**Data to examine**:
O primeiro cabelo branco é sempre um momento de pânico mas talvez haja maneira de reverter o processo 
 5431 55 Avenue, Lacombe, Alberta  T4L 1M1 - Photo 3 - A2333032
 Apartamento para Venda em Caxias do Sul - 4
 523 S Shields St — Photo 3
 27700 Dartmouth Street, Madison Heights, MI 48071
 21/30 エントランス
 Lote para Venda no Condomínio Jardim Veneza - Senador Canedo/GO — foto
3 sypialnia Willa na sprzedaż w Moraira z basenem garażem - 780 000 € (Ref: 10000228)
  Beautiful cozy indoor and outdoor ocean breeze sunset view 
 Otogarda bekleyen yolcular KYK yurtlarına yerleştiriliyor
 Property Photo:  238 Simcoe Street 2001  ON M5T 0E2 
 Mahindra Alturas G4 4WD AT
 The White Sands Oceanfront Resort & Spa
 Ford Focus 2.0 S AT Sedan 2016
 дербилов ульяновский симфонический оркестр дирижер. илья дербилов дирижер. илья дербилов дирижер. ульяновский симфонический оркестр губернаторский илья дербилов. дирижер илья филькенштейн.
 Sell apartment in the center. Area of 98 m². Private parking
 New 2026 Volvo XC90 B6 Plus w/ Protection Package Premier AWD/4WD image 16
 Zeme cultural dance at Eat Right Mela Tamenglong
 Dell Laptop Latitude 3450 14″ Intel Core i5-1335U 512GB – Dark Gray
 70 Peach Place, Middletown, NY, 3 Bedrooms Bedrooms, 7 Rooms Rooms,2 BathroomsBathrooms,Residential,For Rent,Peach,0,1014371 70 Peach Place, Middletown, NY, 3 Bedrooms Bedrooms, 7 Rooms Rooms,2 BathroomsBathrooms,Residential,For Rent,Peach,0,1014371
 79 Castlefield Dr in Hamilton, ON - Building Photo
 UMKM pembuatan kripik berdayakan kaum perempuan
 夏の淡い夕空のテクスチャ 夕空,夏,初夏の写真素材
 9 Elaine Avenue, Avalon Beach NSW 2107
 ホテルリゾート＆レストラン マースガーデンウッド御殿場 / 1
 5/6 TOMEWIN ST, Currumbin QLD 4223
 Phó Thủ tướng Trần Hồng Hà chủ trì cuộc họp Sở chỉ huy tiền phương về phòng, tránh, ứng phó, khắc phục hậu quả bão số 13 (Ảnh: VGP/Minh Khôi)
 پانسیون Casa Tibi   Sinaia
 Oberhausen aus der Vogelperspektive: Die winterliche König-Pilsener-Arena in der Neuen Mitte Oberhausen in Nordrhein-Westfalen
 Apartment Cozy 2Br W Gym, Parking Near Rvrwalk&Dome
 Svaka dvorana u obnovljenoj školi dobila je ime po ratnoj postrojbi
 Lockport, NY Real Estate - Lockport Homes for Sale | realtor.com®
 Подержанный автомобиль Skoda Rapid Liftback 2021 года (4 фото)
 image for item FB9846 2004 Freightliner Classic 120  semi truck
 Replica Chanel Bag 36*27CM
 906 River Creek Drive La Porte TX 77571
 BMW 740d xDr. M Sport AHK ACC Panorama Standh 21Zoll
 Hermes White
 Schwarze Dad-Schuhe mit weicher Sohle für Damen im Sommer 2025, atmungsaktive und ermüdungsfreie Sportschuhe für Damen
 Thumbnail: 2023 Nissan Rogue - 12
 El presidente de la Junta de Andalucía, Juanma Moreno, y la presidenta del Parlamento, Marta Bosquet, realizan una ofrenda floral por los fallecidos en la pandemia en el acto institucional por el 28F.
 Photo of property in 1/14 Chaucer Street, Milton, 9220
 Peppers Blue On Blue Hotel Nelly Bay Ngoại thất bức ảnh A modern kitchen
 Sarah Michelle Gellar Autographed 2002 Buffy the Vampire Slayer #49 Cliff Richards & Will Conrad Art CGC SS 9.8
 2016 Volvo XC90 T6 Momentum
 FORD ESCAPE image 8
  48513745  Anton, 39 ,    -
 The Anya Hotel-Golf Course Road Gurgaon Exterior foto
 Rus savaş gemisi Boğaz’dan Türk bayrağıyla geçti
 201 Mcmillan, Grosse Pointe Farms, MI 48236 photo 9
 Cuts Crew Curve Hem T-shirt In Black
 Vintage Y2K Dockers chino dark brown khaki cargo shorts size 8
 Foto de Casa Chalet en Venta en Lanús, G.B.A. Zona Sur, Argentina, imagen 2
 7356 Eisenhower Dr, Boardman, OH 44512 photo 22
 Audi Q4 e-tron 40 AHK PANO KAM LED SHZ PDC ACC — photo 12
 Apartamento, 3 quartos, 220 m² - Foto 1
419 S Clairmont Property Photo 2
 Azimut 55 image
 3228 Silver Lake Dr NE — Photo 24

**Task directions**:
Using the records above, repeat exactly the lines from the first one through the line with "21/30 エントランス".

**Answer area**:
O primeiro cabelo branco é sempre um momento de pânico mas talvez haja maneira de reverter o processo 
 5431 55 Avenue, Lacombe, Alberta  T4L 1M1 - Photo 3 - A2333032
 Apartamento para Venda em Caxias do Sul - 4
 523 S Shields St — Photo 3
 27700 Dartmouth Street, Madison Heights, MI 48071
 21/30 エントランス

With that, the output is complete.